You have to be pretty good with full-size, full-weight pistols, before you can successfully transition to a shortie.

Further, neither of your choices is appropriate for hunting. They are close-range, self-defense guns.


----------



## SCRebel (Feb 15, 2012)

I didn't know if someone on here new some flaws about the 1911, or XDS. I am not an expert, but I am pretty good with my Ruger. A full size, full weight pistol. 

I plan to go to a range and try out some pistols, especially 1911 and XDS, Glock was also something a friend suggested. I will have to wait though because I believe the XDS goes into mass production in march this year. 

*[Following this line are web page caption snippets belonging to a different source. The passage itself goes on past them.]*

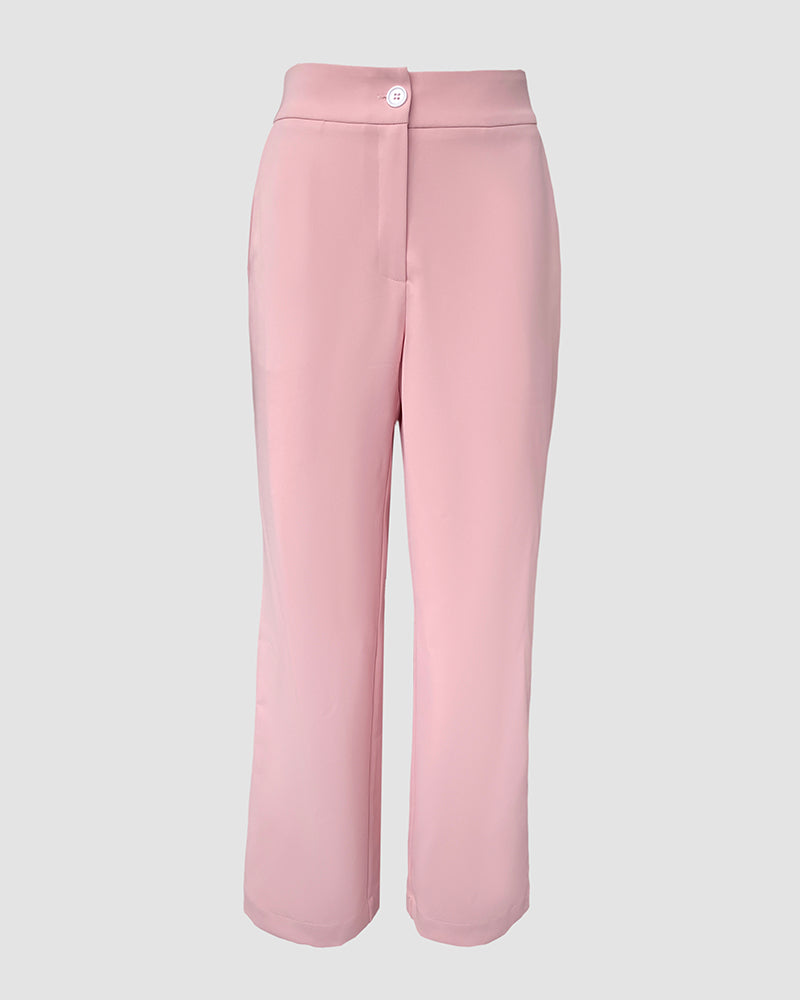 2 Pieces Outfit Metal Ring Decor Notched Collar Cinched Waist Wrap Front Coat and Zipper Fly Elastic Back Waist Pants Set Casual Blazer Set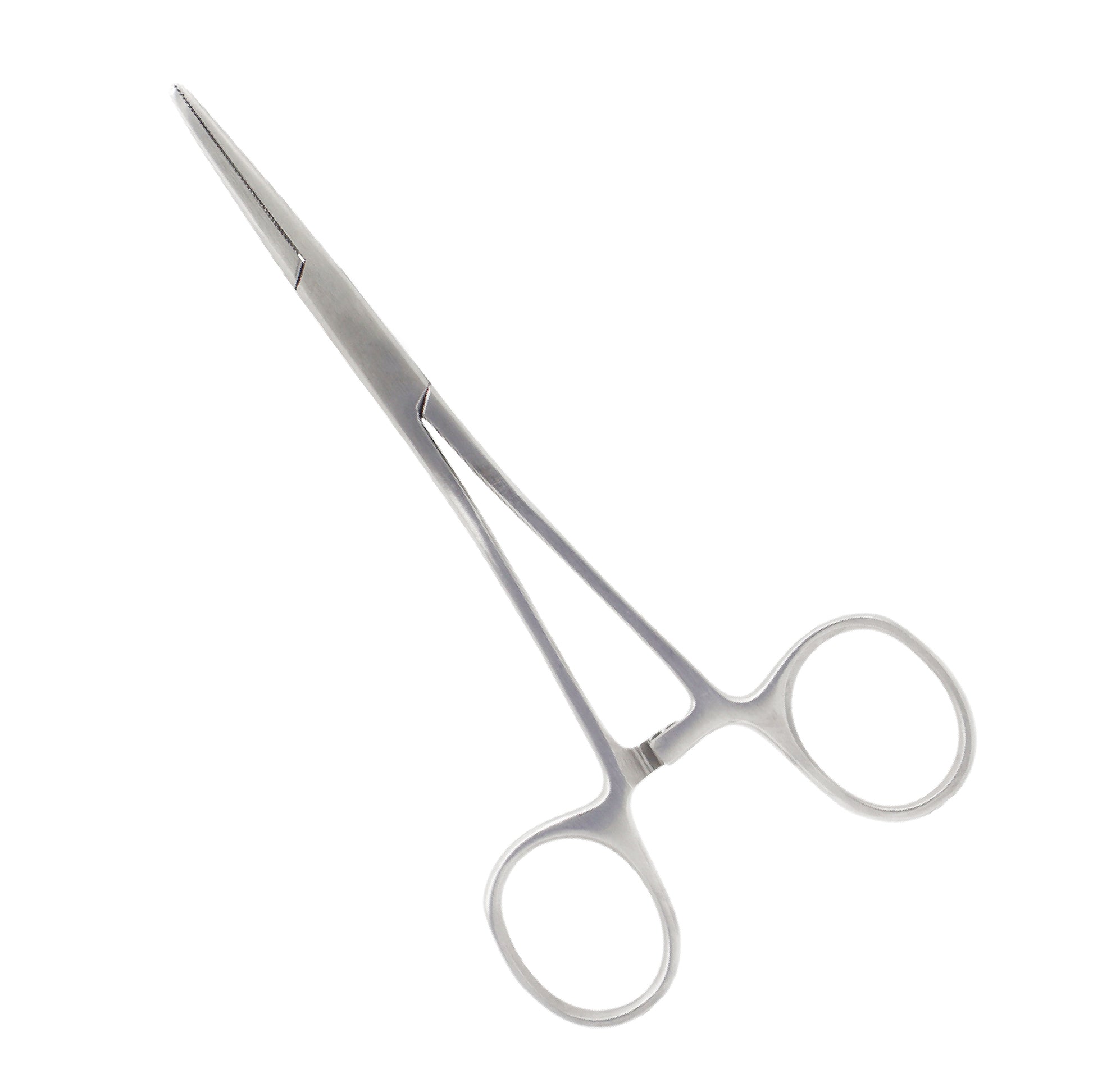  A top-down view of a sterile, stainless steel straight hemostat featuring fine serrated jaws, a locking ratchet mechanism between the ring handles, and a pointed tip, isolated on a white background.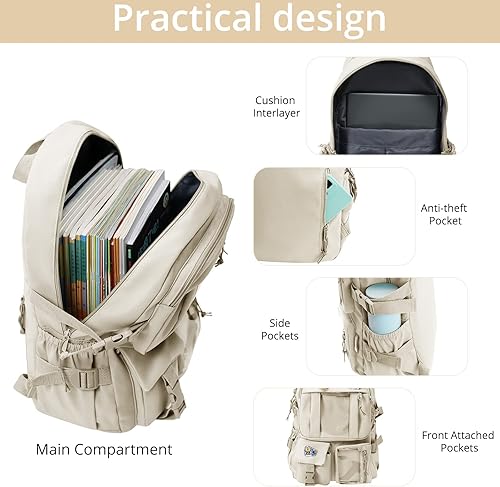 Miniatura 2 de AoMoon - Mochila Kawaii Linda, Mochila de Colores Pastel para Niñas y Adolescentes, Mochilas Estéticas para Estudiantes con Pin Kawaii y Accesorios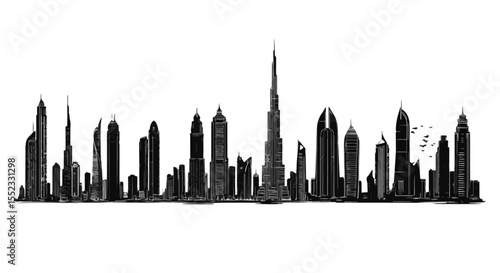 Dramatic silhouette of Dubai skyline against a stark white backdrop showcasing modern architecture and urban development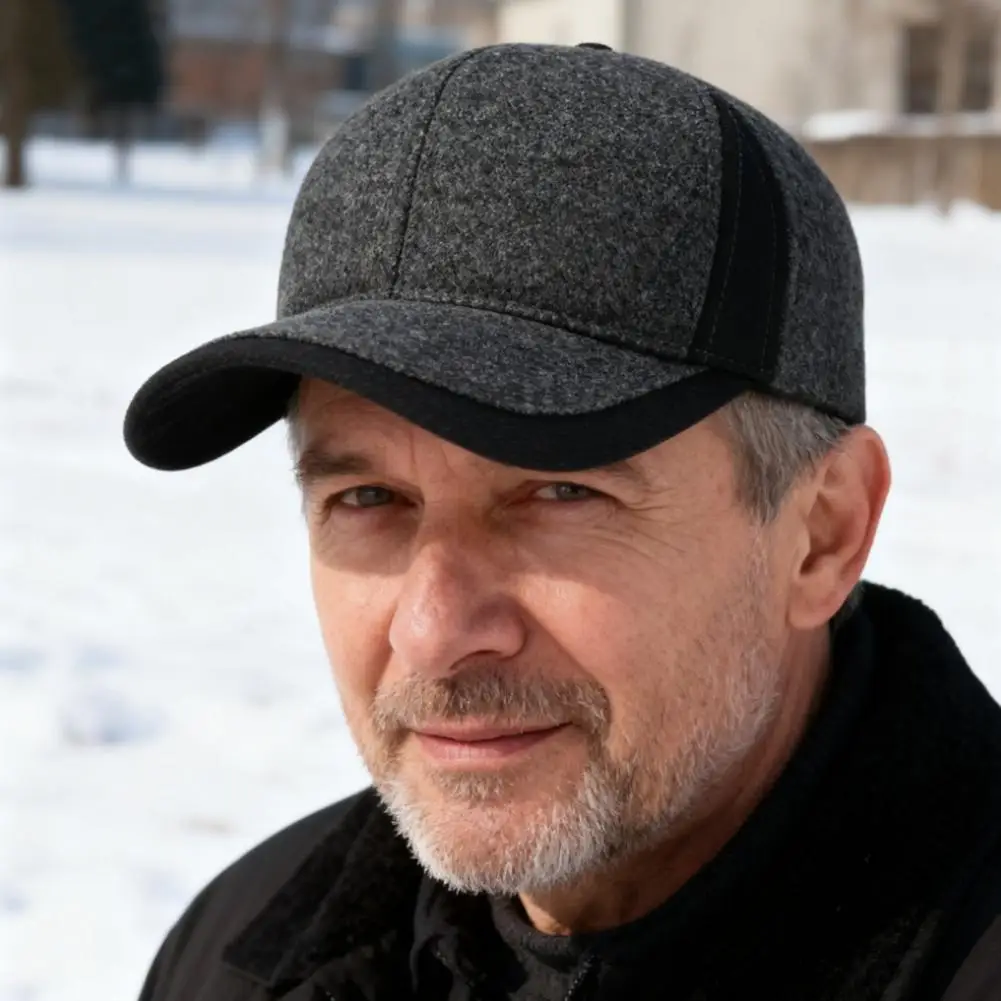 قبعة شتوية مقاومة للماء بلغت ذروتها قبعة بيسبول شتوية مع حماية أذن قابلة للتعديل لكبار السن في منتصف العمر للدفء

Also let me clarify, when I said hunting, I meant that moment when your tugging through the swamps and ridges with your shotgun across your back; and you run upon something not very nice.


----------



## Steve M1911A1 (Feb 6, 2008)

Thank you for the clarification.
Now that we know your real questions, you might receive some useful answers.


----------



## Brevard13 (Nov 28, 2010)

I believe you will find it slightly easier to conceal the 1911 because they are somewhat slimer. Shoot them both and then decide. My advice is to get a good reliable gun that is easy to shoot, and conceal. Just my suggestions Glock, XDs, M&Ps, Sigs (some can be had at a reasonable price and some do cost a pretty penny. Also I wouldn't spend a ton of money on a gun right off the bat as you may find out it doesn't conceal like you thought it would. Use the difference for ammo, a good holster, and a good belt(one of the more important pieces that you probably haven't thought about...I know I didn't). Also having been to SC and knowing how muggy and humid it can get I would also recommend checking out the Ruger LC9. You also have the smaller .380s and some snubnosed revolvers. 

Good Luck!!!


----------



## 1jimmy (Jul 30, 2011)

best advice i can give, shoot first buy second. i find its too easy to fall in love with a gun for its looks and then find out it don't shoot worth a damn. glock 27 forty cal is nice size and easy carry as is the glock 30 forty five cal but a bit heavier


----------



## SCRebel (Feb 15, 2012)

The slimness of the 1911 and XDS is why I was thinking those for concealment. I know the XDS is just under 1" wide, and 6.3" over all length, and 4.4 over all height, 3.3" barrel. The Colt Officers 1911 has an over all length of 7.75", and 4.25" barrel. 

Brevard13- Are you talking about a good pants belt?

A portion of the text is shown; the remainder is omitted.